Narrative – Thinking Fast and Slow

One of my favorite reads of the last five years, Daniel Kahneman’s Thinking Fast and Slow, documents why our reasoning faculties – which should be protecting us from making bad choices based on emotion or instinct – contain flaws that make them the source of many human errors.

The book title refers to a model developed by Kahneman and his fellow researcher Amos Tversky (both Israelis, BTW) in the 1960s that posited a human mind driven by two processes: one fast, one slow.

The slow process is effortful and gets turned on when we engage in deep contemplation or perform other activities requiring heavy cognitive work (such as solving a mathematical problem, or writing something – like this blog entry).  In contrast, our fast process takes in information from our senses and processes it very rapidly, taking charge of everyday activities like driving a car, or listening to or reading something (again, like this blog entry) spoken or written in a language you already understand.

Because our slow process is rather lazy, it tends to defer to the fast process to do as much work as possible.  This makes sense, given the sheer amount of thinking/processing that must take place to get through a single day.  But deferring to a fast process to make sense of the world comes at a cost.

For example, the fast process performs its sense-making role by looking for patterns and then fitting those patterns into a storyline, one which takes a lot of deliberate (i.e., slow process) work to unlearn.  In many cases, this is not an bad thing.  Unlearning that a loud noise signals danger, for example, might not be such a wise idea (which may explain the evolutionary benefit – and thus origin – of this fast-process/slow process duality).
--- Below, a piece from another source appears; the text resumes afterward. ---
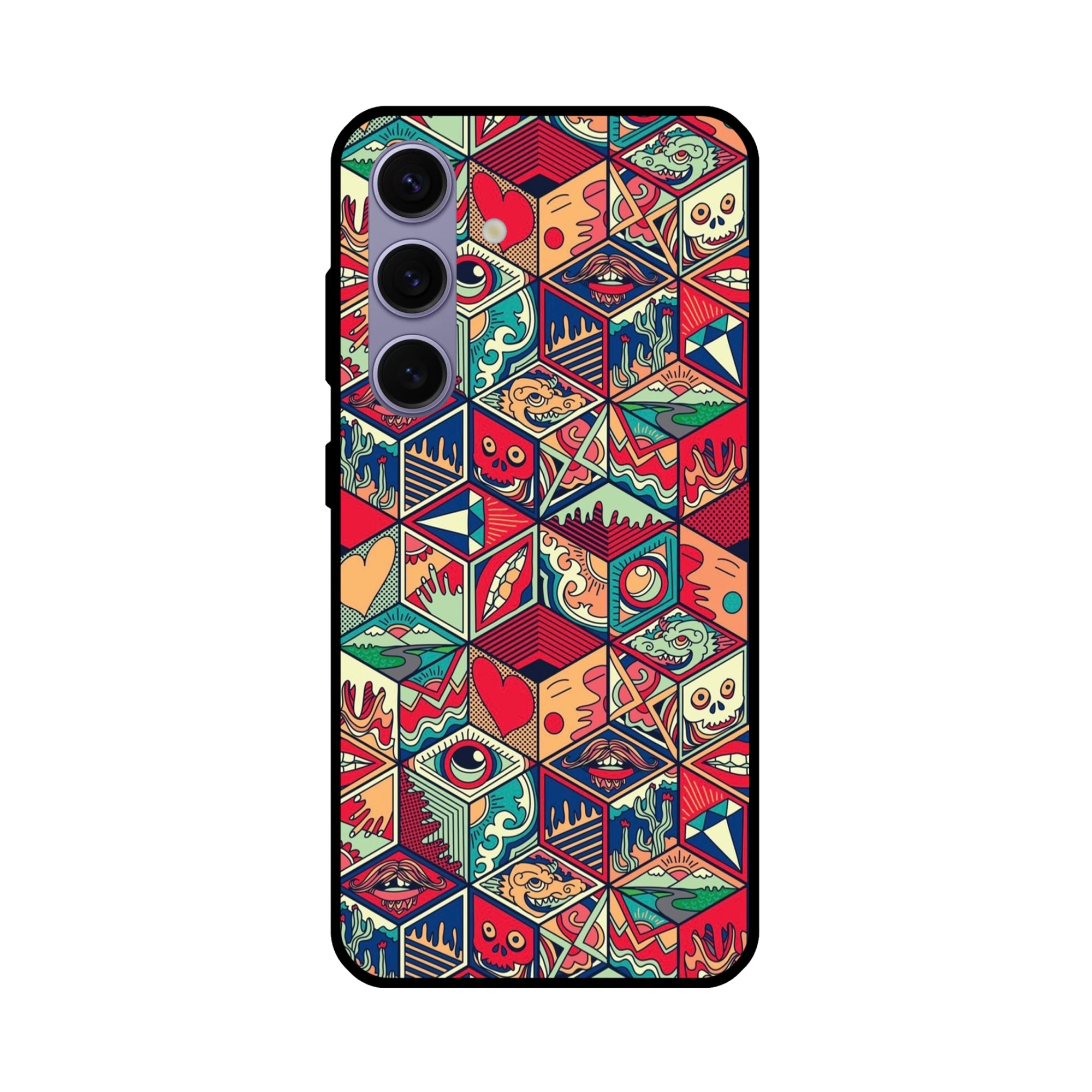Buy Face Mandala Metal-Silicon Back Mobile Phone Case/Cover For Samsung Galaxy S24 Plus 5G Online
But flaws in our reasoning, notably the many biases to which all human beings are vulnerable, are a side-product of this brain structure with considerable downside.  For example, Confirmation Bias which leads us to believe information that confirms existing beliefs and reject information that does not, is just one of many cognitive biases that result from letting our fast process take the first cut at story formation.

You see this theory play out in the context of politics all the time.  For what are candidates for office doing when they try to “define” themselves and their opponents if not creating narratives they hope will get taken up by the story-loving fast process of a majority of voters?  Even those endless rows of lawn signs bearing only a candidate’s name (no policy positions, no slogans) can be seen as a means to embed that name into the non-deliberative component of a voter’s brain, hoping it will be top of mind when a majority of them walk into voting booths.

The BDS propaganda campaign is doing something similar with its endless repeating of their beloved “Israel = Apartheid” equation, regardless of how many times that and all their other accusations have been debunked.  Given that many of the constituencies they address (like college students) were not even born during the era when Apartheid South Africa stood, the BDSers’ hope is that their mantra will result in those who know nothing about either Israel or Apartheid building a fast-process connection before any slow-process cognition (i.e., thought) can interfere.

The narratives the BDSers spin for themselves offer an even clearer set of examples of cognitive biases at work.  That’s because many of the manipulative techniques used by Israel-haters (and hyper-partisans of all stripes) are targeted not at opponents but supporters.

Spend a little time on the #BDS Twitter feed (or do some lurking on BDS sites like Mondoweiss and Electronic Intafada, if you can stomach it) to see what I mean.

When the BDSers score a win with a church (like they did with the UCC last week), that is portrayed as the latest example of their unstoppable momentum.  And when they are rejected (as they were by the Episcopalians and Mennonites, also last week) that simply shows that their eventual embrace by every Liberal Protestant denomination (if not the whole world) is just a matter of time.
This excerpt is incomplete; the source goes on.